Indexing Repositories
This page covers everything you need to configure, run, and maintain a code index with TeaRAGs.
Environment Variables
All code-vectorization settings are controlled via environment variables passed to the MCP server.
Indexing variables reference
| Variable | Description | Default |
|---|---|---|
INGEST_CHUNK_SIZE | Maximum chunk size in characters. Larger = more context per chunk; smaller = more granular search results. | 2500 |
INGEST_CHUNK_OVERLAP | Overlap between adjacent chunks in characters. Prevents loss of context at chunk boundaries. | 300 |
INGEST_ENABLE_AST | Use AST-aware chunking (tree-sitter) instead of line-based splitting. Preserves semantic boundaries like functions, classes, and methods. | true |
INGEST_ENABLE_HYBRID | Provision BM25 sparse vectors. Required to use the hybrid_search tool. | true |
EMBEDDING_TUNE_BATCH_SIZE | Chunks per embedding batch sent to the provider. Higher = throughput; lower = less memory. | auto |
TRAJECTORY_GIT_ENABLED | Enrich every chunk with git signals: recent committers (recent* family), live-line owners (blame* family), commit count, bug-fix rate, age, task IDs. Required for hotspots / techDebt / ownership / recentActivityConcentration / securityAudit / etc. presets.

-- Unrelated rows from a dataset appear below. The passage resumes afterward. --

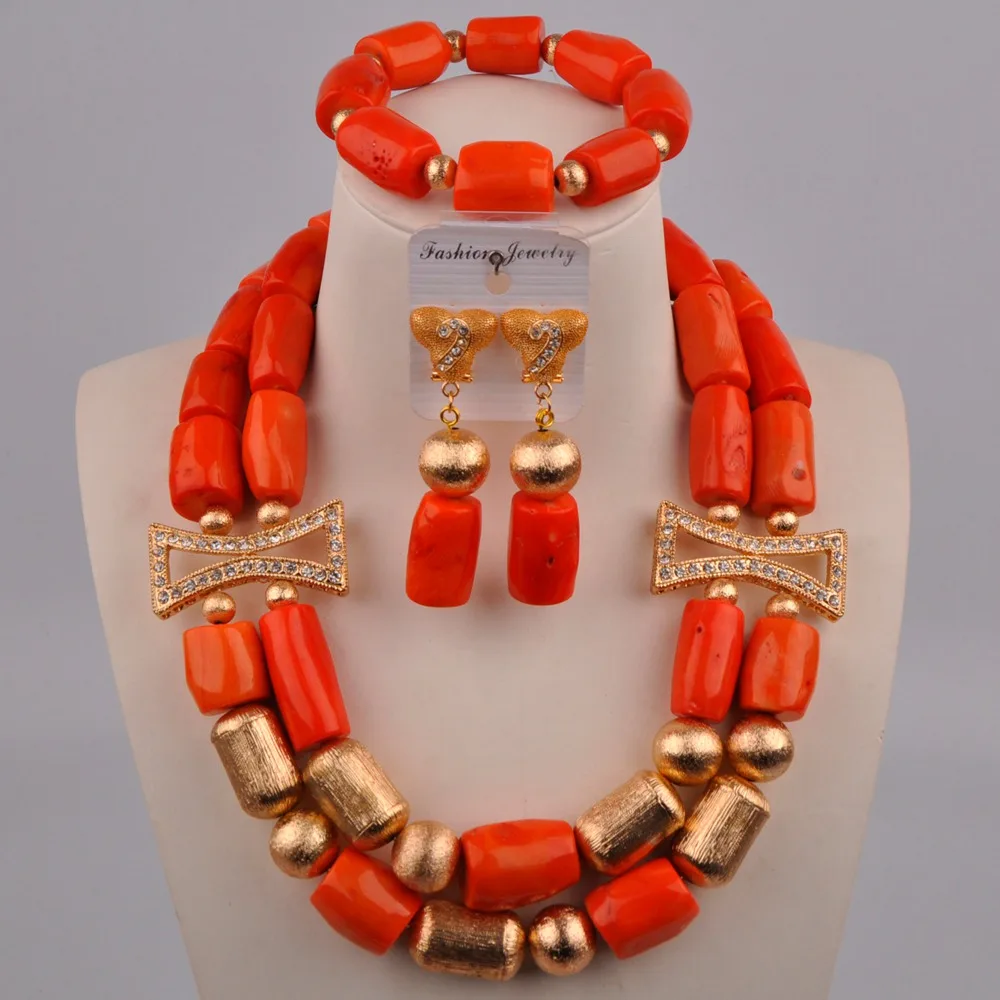 Оранжевые Коралловые бусы нигерийские Свадебные Африканский ювелирный набор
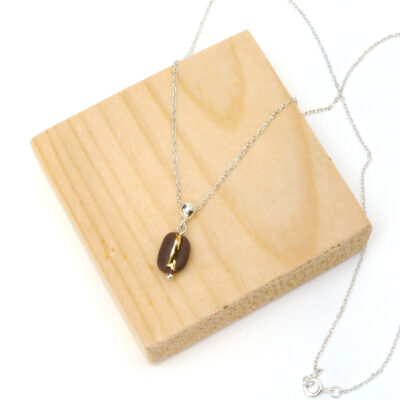 Ketting met porseleinen Koffieboon met echt goud (glanzend) & sterling zilveren ketting 45cm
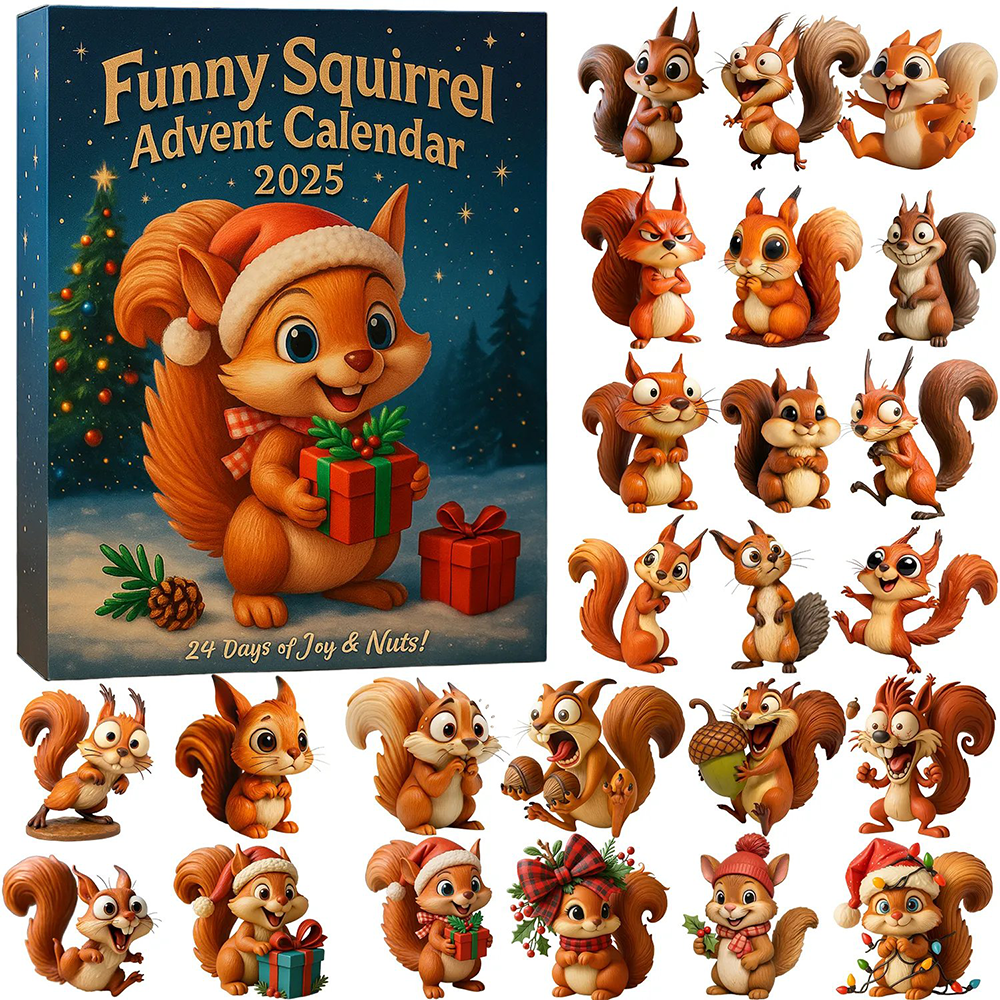 Funny Squirrel Advent Calendar 2025 Christmas Countdown Decorations Xmas Gifts For Son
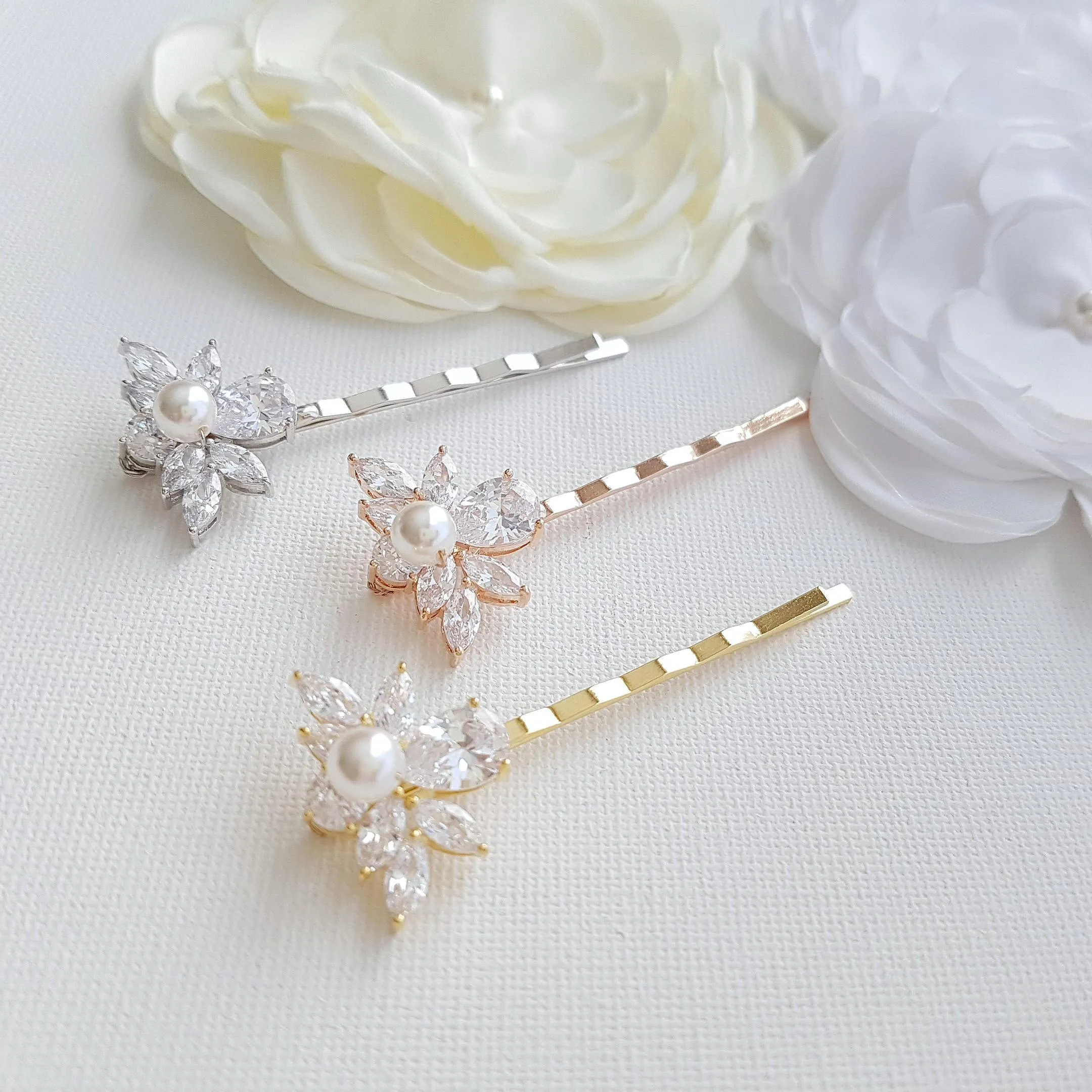 Rose Gold Wedding Hair Pins- Nicole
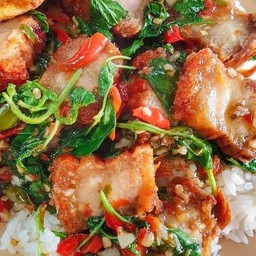 ข้าวกระเพราหมูกรอบพริกแห้ง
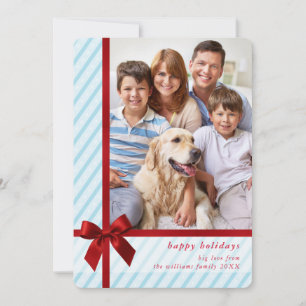 Cartes Pour Fêtes Annuelles PHOTO DE FAMILLE mignonne emballée avec un ruban r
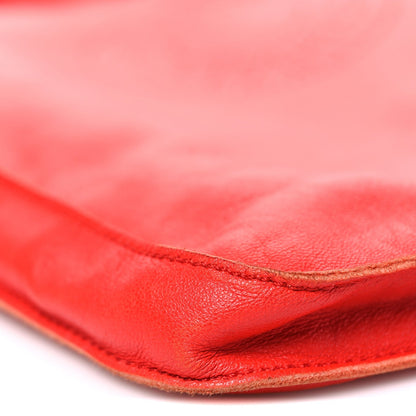 Hermes Lambskin Clou De Selle Pouch Rouge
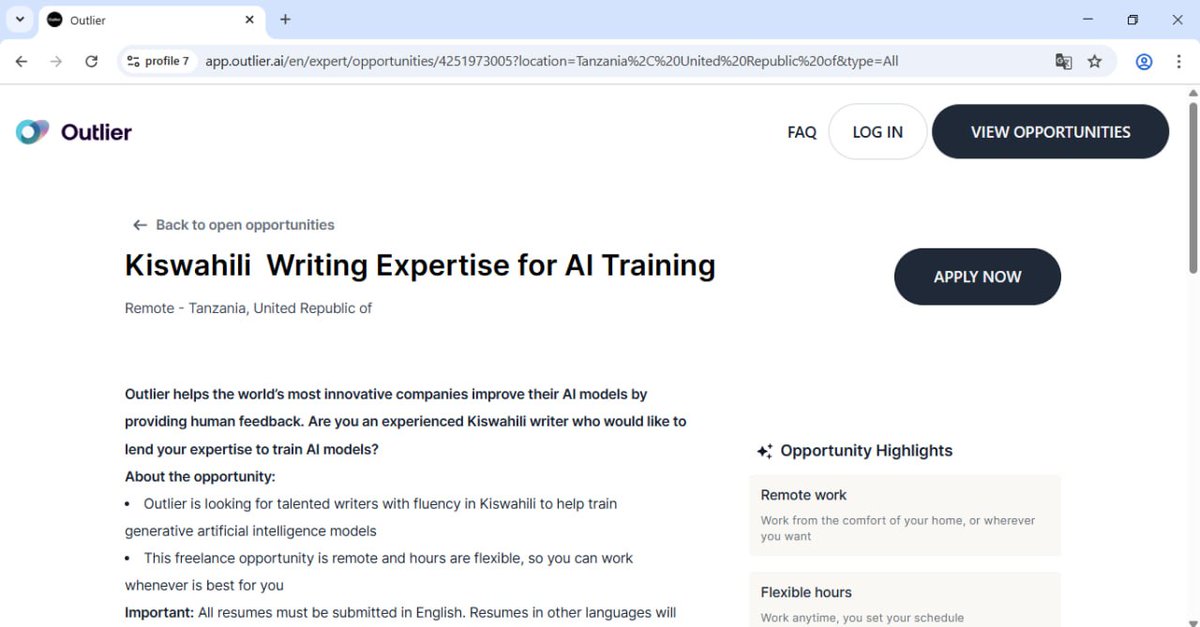 ally_eh's tweet photo. Outlier is hiring Swahili speakers in Tanzania. Kenyan people, please stay away.

You will earn $12.50 per hour, which means you can make $2,000+ per month.

You can apply here: https://t.co/lH9nVOcb72

Select country: Tanzania 
Register an account and verify it. https://t.co/qEdezNlPtG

Silently skipped for non-git directories. | true |
Legacy names (CODE_CHUNK_SIZE, CODE_CHUNK_OVERLAP, CODE_ENABLE_AST, CODE_ENABLE_HYBRID, CODE_BATCH_SIZE, CODE_ENABLE_GIT_METADATA) still work as fallbacks but are deprecated.
Per-index overrides (pass to index_codebase directly instead of env):
extensions: string[]— e.g.,[".proto", ".graphql", ".prisma"]ignorePatterns: string[]— e.g.,["**/*.generated.ts", "**/dist/**"]
See also the full Configuration Variables page for embedding, Qdrant batch pipeline, and performance variables.
How Chunking Works
TeaRAGs splits source files into chunks — self-contained code fragments that become individual vectors in the search index. The chunking strategy directly affects search quality: well-bounded chunks return precise, meaningful results; poorly split chunks return noisy, incomplete fragments.
AST-Aware Chunking (default)
Enabled by default (INGEST_ENABLE_AST=true). Uses
tree-sitter to parse the code into
an Abstract Syntax Tree, then splits along semantic boundaries — functions,
classes, methods, interfaces.
Why it matters:
- A function stays as one chunk, not split in the middle of a loop
- Class methods are extracted as individual chunks with parent class context
preserved (
parentName,parentTypemetadata) - Comments and decorators stay attached to the code they describe
- Large classes are automatically decomposed: methods become individual chunks, non-method body code is extracted separately
Two-level extraction:
- Top-level nodes — functions, classes, modules, interfaces are identified as chunk candidates
- Child extraction — if a container (class/module) exceeds
2x INGEST_CHUNK_SIZE, its methods are extracted as individual chunks while preserving parent context in metadata
Fallback: If a language has no tree-sitter grammar, or a node is still too large after child extraction, TeaRAGs falls back to character-based splitting with overlap — trying to break at empty lines or closing braces.
AST-aware chunking is the recommended mode for all code. Disable it
(INGEST_ENABLE_AST=false) only for plain-text or unstructured files where
tree-sitter adds no value.
Embedding Dimensions
The embedding dimension is determined automatically based on your model — no configuration needed in most cases.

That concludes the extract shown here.